SPIA is one of only two schools to have two National Academy of Public Administration fellows elected in one year (William Dunn and Dean John Keeler). It is also one of nine schools to have produced at least two Network of Schools of Public Policy, Affairs, and Administration presidents.

==Research centers & institutes==

The School of Public & International Affairs is home to several research institutes and centers.

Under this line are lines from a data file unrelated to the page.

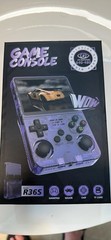 R36S Handheld Game Console Purple 3.5in IPS 64GB 640×480 Wi-Fi Bluetooth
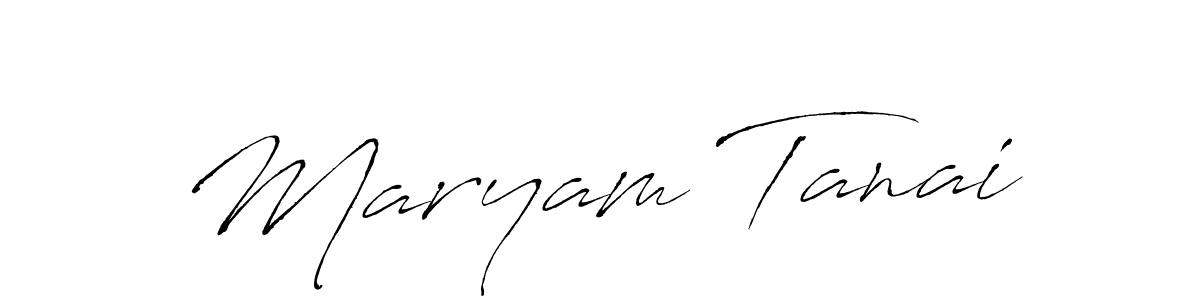 Maryam Tanai stylish signature style. Best Handwritten Sign (Antro_Vectra) for my name. Handwritten Signature Collection Ideas for my name Maryam Tanai. Maryam Tanai signature style 6 images and pictures png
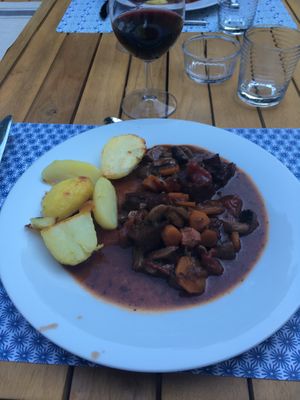 Bourguignon de Seitan 😋 at La Beuratte in Cornimont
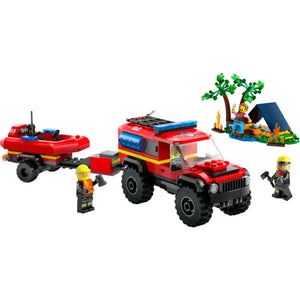 LEGO 60412 City 4X4 Fire Truck With Rescue Boat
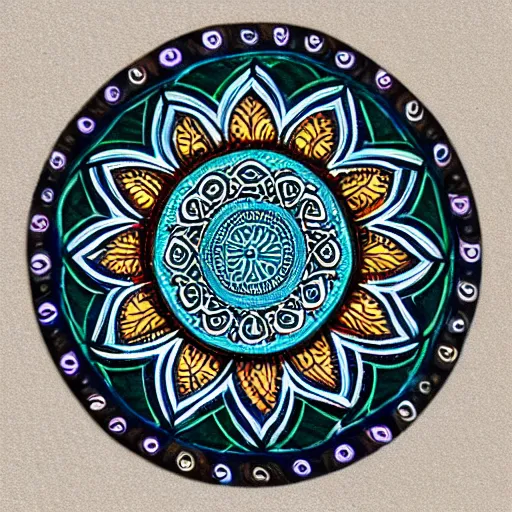 Image similar to mandala art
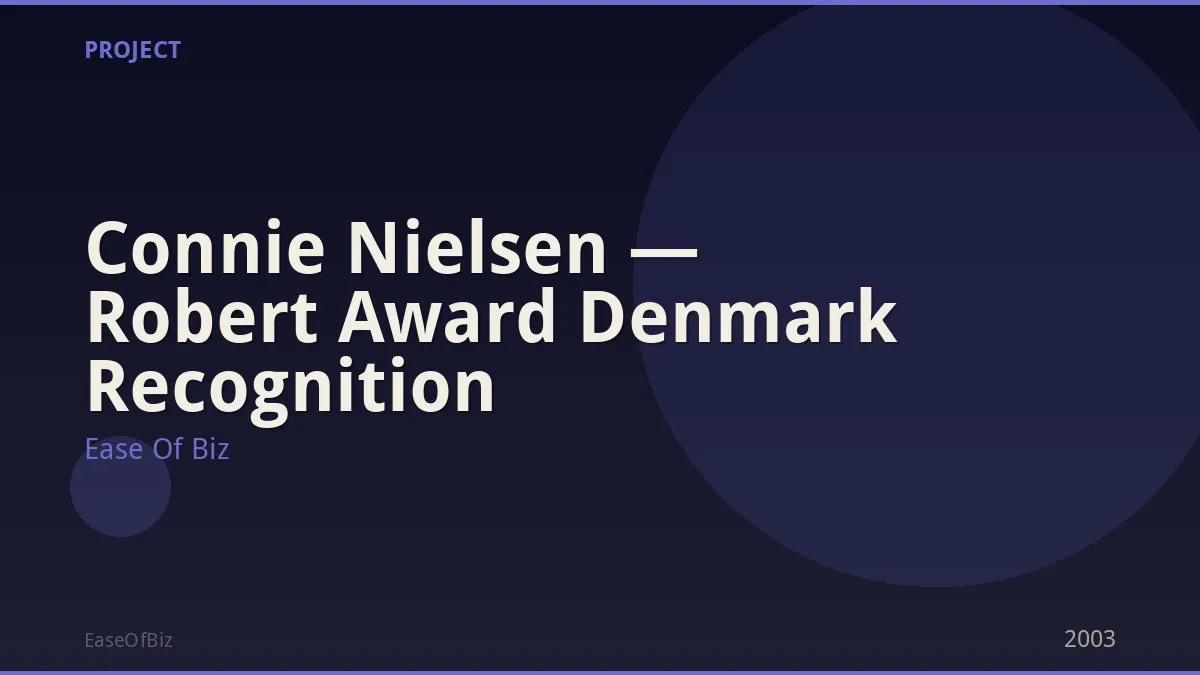Connie Nielsen — Robert Award Denmark Recognition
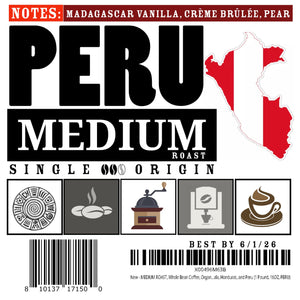 MEDIUM ROAST, Whole Bean Coffee, Organic Fresh Artisan Premium Beans (1 Pound, 16OZ, EL SALVADOR)
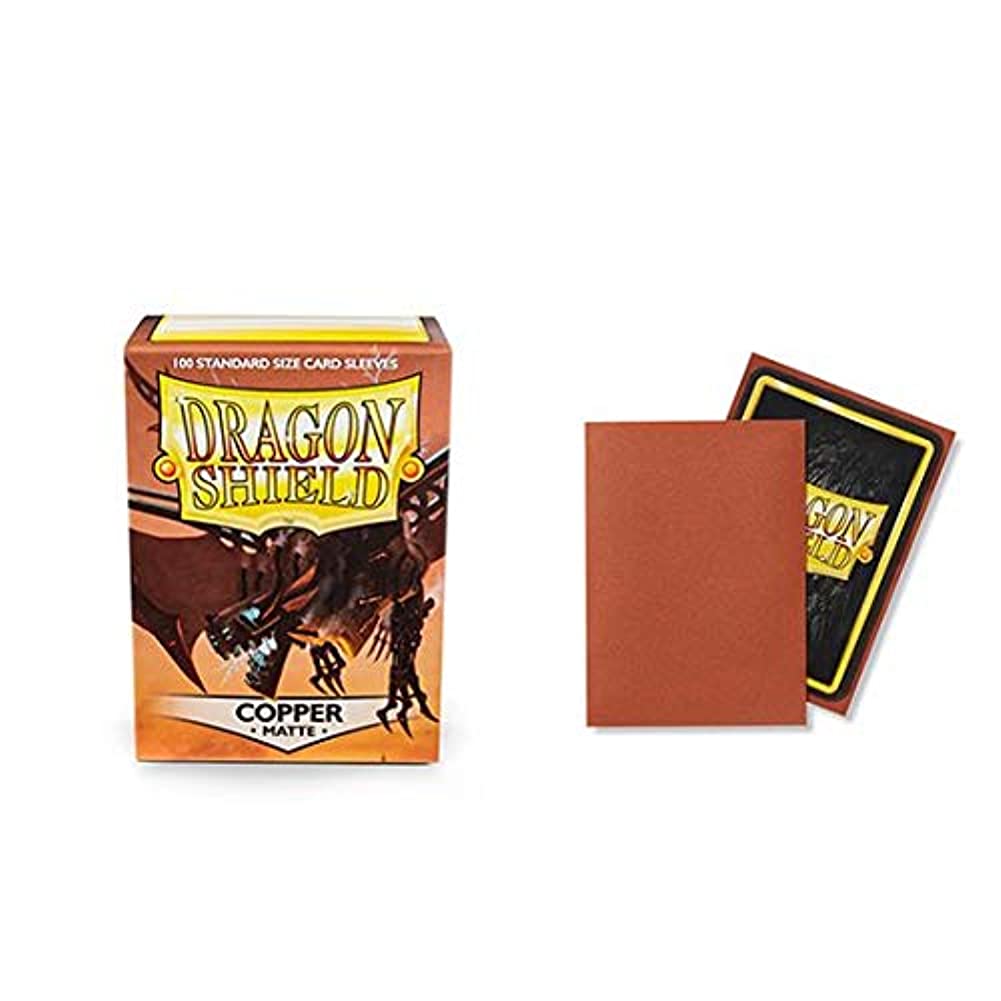 Dragon Shield Matte Copper Standard Size 100 ct Card Sleeves Individual Pack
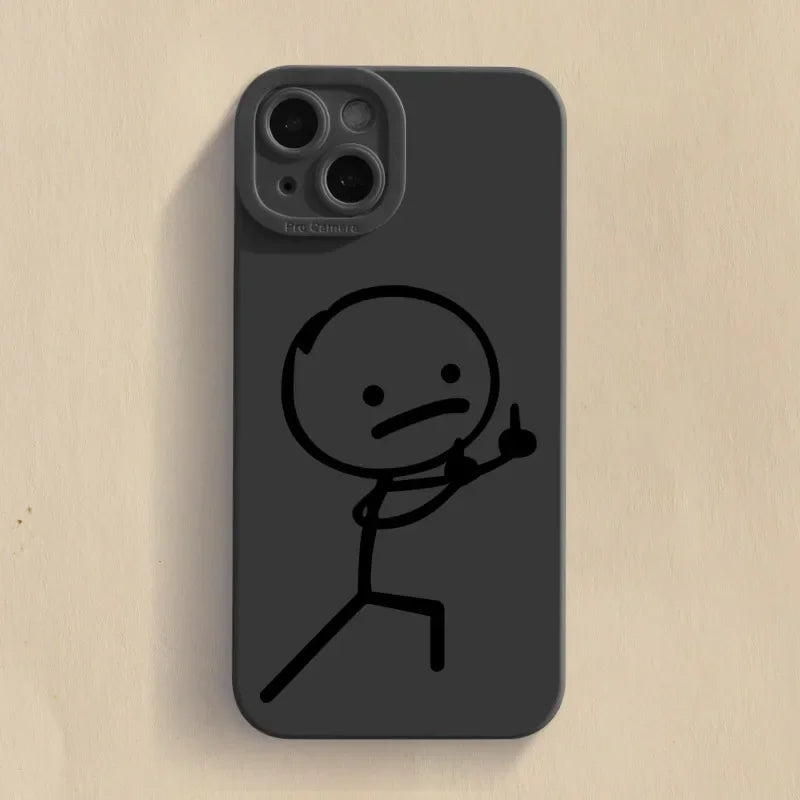 Cute Cartoon Matchman Case for Samsung S23 S22 Ultra A73 A54 A33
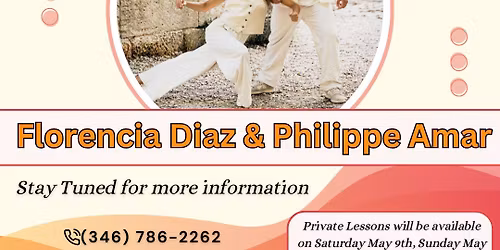 West Coast Swing Workshops & Social with Champion Florencia Diaz & All-Star Philippe Amar!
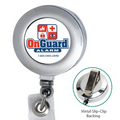 30" Chrome Plated Badge Reel w/ Metal Slip Clip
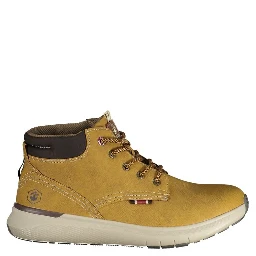 Yellow Polyester Ankle Boots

- The Ford Institute for Human Security was established at the University of Pittsburgh as a result of an endowment gift from Ford Motor Company. The mission of the Institute is to conduct research that focuses on transnational threats to the human rights of civilian populations, The Institute's function is to generate independent research, disseminate policy papers, and advocate nonpartisan policy proposals to domestic and international policymakers.
- The Matthew B. Ridgway Center for International Security Studies is dedicated to educating the next generation of security analysts and to producing scholarship and impartial analysis that informs the options available to policymakers dealing with international and human security on a global scale. The Ridgway research program analyzes the security dynamics of the 21st century global environment, concentrating on rapidly evolving and emerging threats.
- The Center for Metropolitan Studies connects the academic programs at SPIA with state and local governments, federal agencies, regional governance institutions, and nonprofit organizations in the United States to address real time problems they are confronting. The Center for Metropolitan Studies houses CONNECT, an organization that promotes cooperation and collaboration between the City of Pittsburgh and the municipalities that comprise Pittsburgh's urban core.
- The Johnson Institute for Responsible Leadership provides students, faculty and the community at large with opportunities to engage in disciplined reflections and rigorous inquiry on issues of ethics and accountability that are of particular interest to the public and nonprofit sectors.
- Center for Disaster Management provides a school-wide locus to support research, education, and training projects that focus on extreme events. Its goal is to develop a coherent approach for research and analysis on policy issues related to disaster risk reduction and management that cross interorganizational, interdisciplinary, and interjurisdictional boundaries.

==Special programs==

- The Philanthropy Forum provides a university-based platform for national dialogue with thinkers and practitioners in the field of philanthropy and engages in research on the history and contemporary contributions of philanthropy to local, national, and global communities.
- The Roscoe Robinson Jr. Memorial Lecture Series promotes discussion and understanding of key issues related to diversity in public service. The series features annual lectures in honor of the late Roscoe Robinson Jr., the first African American U.S. Army four-star general who earned his degree at SPIA in 1964.
- The International Political Economy Colloquium provides a forum for IPE scholars to present their works in progress.
- The Symposium on Political Violence is a joint undertaking co-sponsored with the Department of Political Science, and the Ridgway Center. The Symposium provides a forum both for external scholars and for faculty and graduate students in SPIA and the Department of Political Science at Pitt to present their research on political violence.

==SPIA student organizations==
- SPIA Student Cabinet
- Purposeful Penny - a student charity organization benefiting Bright Kids Uganda and Urban Impact
- NABU - represents the interests of the PhD student community
- AGORA - Professional & Academic Development
- EU and the World
- Pitt Political Review (SPIA issue)
- International Student Initiative - bridges the gap between international and domestic students at SPIA with social and professional events.